IMG_8143-1024x682As part of its green diplomacy strategy and move to promote a positive image in Durban, China for the first time highlighted its own development aid in the context of South-South capacity building and financial assistance with least-developed countries (LDCs) and small-island states (SIDs).

On December 5, Xie Zhenhua, NDRC Vice Minister and head of the Chinese delegation in Durban, announced four major areas of investment through South-South collaboration, including:

  1. Adaptation: helping developing countries that are most vulnerable to extreme weather to develop weather forecasting, disaster prediction capacity, and improved early-warning capacities;
  2. Promotion of climate change adaptation technology, including sustainable agriculture assistance, and technology to help needy countries with drought resistance, water conservation, and biodiversity;
  3. Dissemination and donation of technology in energy conservation, water conservation, and renewable energy to small island states and least developed countries;
  4. Continuation of capacity building programs for developing countries that need it. In the next three years, China plans to continue to carry out a series of capacity building activities in climate change and train 1,000 officials in developing countries.

Minister Xie added that during the Eleventh Five-Year Plan period, China established 121 assistance programs for climate change implementation. These programs involved 93 training programs that provided capacity building to over 207,000 personnel. The 12th Five-Year Plan also includes provisions to further assist other developing countries to address climate change.
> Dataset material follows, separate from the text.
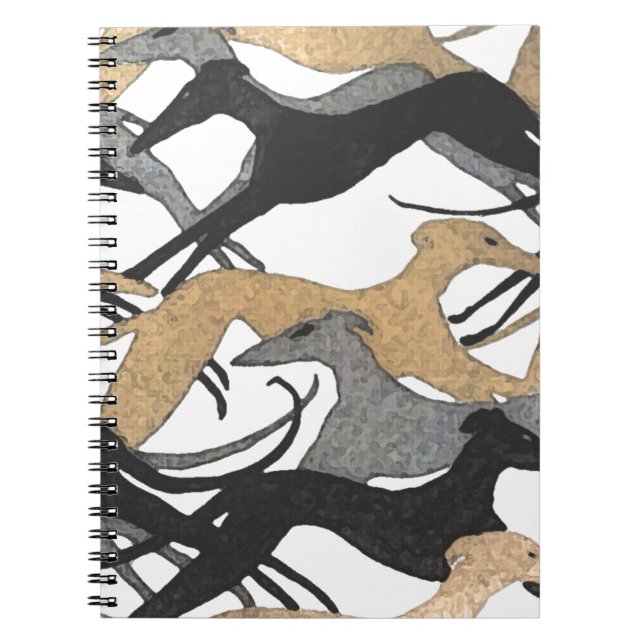 Caderno Espiral Cães Saltitantes (Frente)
Foreign assistance as a business opportunity

Although Chinese officials publicized South-South cooperation as a mode of foreign aid to LDCs and SIDs, it is also clear that these partnerships represent business opportunities for China as well. Trade between China and Africa has increased dramatically over the last decade: the Ministry of Foreign Commerce in China reported earlier this year that trade with Africa jumped to $126.9 billion in 2010 compared to only about $10 billion in 2000.
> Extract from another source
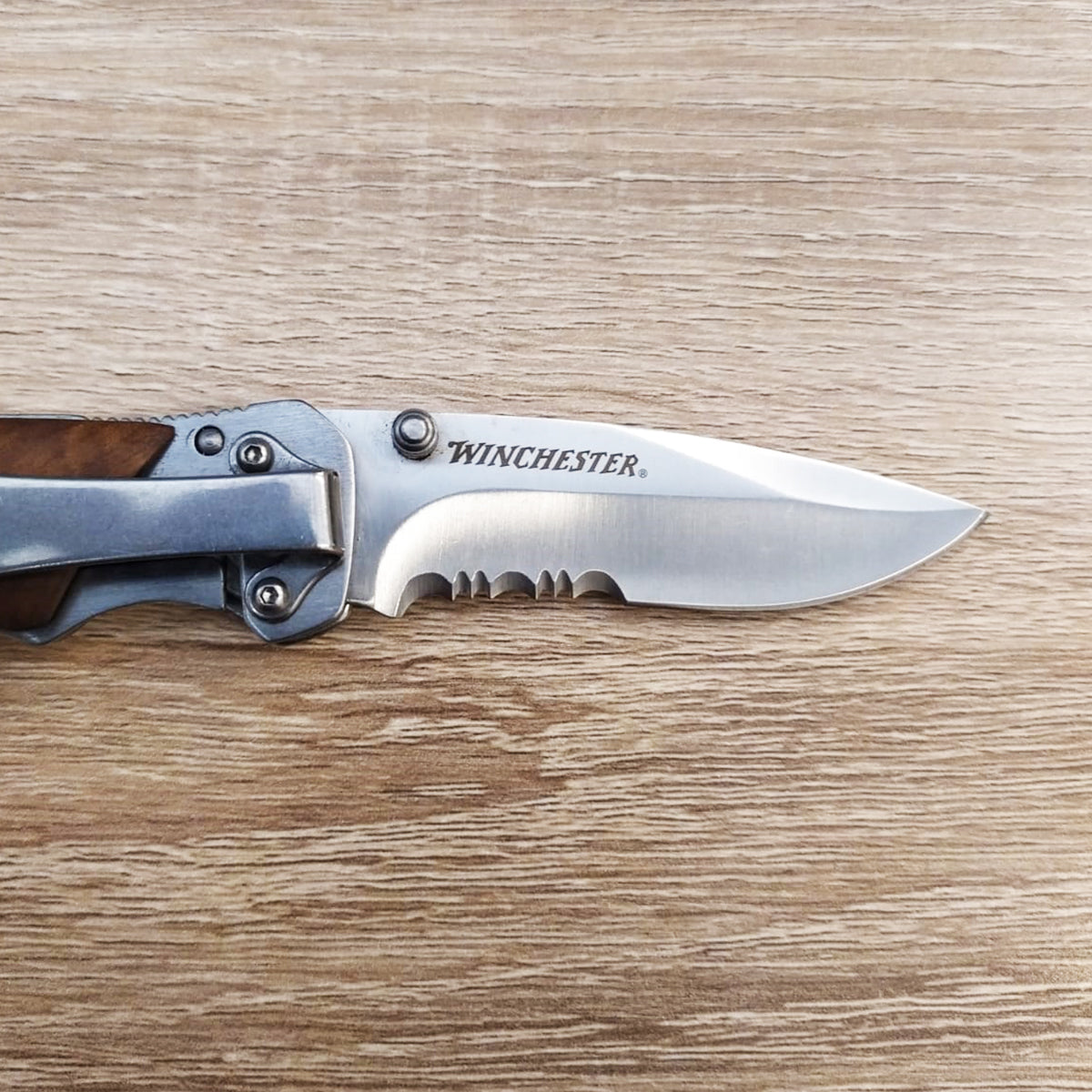 PISAU LIPAT WINCHESTER (BROWN) | PISAU OUTDOOR/SURVIVAL Gambar sekunder produk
Other examples include the China Energy Conservation and Environmental Protection Group, a large state-owned enterprise that has 10 percent of its business invested in other developing countries, particularly in the renewable energy and carbon emission reduction sectors. In addition, the South-South Gate, established in Shanghai in 2008 by UNDP, is functioning as a major gateway for small and middle-sized Chinese enterprises to invest in developing countries. Clearly, Chinese businesses are also starting to benefit from the government’s strategic cooperation and financial assistance to other developing countries.

In Durban, what was not made explicit were the terms of foreign assistance and what strings were coming attached, if any. Grenada, a 344-sq km island in the South Caribbean Sea, was announced as a major beneficiary of China’s bid to promote South-South cooperation. Through an AOSIS-China Climate Change Adaptation Pilot Programme (CAAP), the small island states will receive more than $2 million USD in technology assistance from China over a five-year period. While the assistance will involve major infrastructure projects to build public buildings as well as technology transfer to adapt to the impacts of climate change, a government announcement on Grenada’s country website noted that the financing for hardware, equipment and training from China would come in the form of loans, with repayment tied to savings in fuel imports. The details of what exactly is meant by this type loan repayment were not made clear, and whether this is a means by which China can further secure natural resources in LDCs and SIDs.

Not all positive

While China was clearly promoting its South-South partnerships as part of its positive public-relations strategy for Durban, it is important to note that not all of China’s relationships with (LDCs) and Small Island Developing States (SIDs) are seen as positive. Chinese-run copper mines in Zambia have been the subject of accusations of failing to meet standards for worker health and safety, and Chinese involvement in the country has continued to be a controversial topic.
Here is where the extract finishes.